## Task directions
Transcribe word for word the lines below from the line with "CHEVROLET Onix Hatch 1.4 4P FLEX LT, Foto 2" through the line with "Le Château du", ends included.

## Records provided
═══

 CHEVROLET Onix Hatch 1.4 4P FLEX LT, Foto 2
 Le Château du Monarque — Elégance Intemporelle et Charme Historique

═══

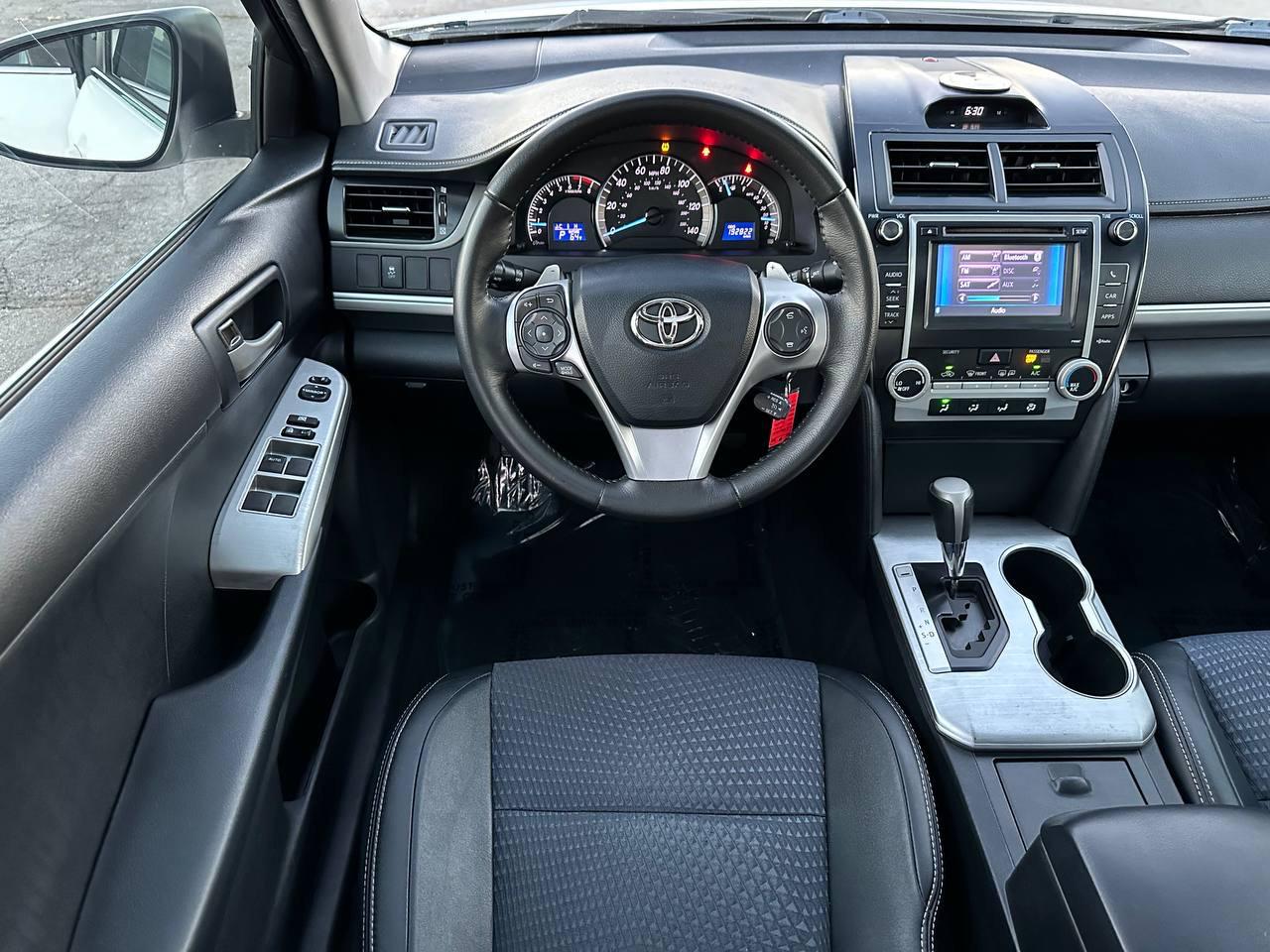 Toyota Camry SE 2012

═══

## Written answer
 CHEVROLET Onix Hatch 1.4 4P FLEX LT, Foto 2
 Le Château du Monarque — Elégance Intemporelle et Charme Historique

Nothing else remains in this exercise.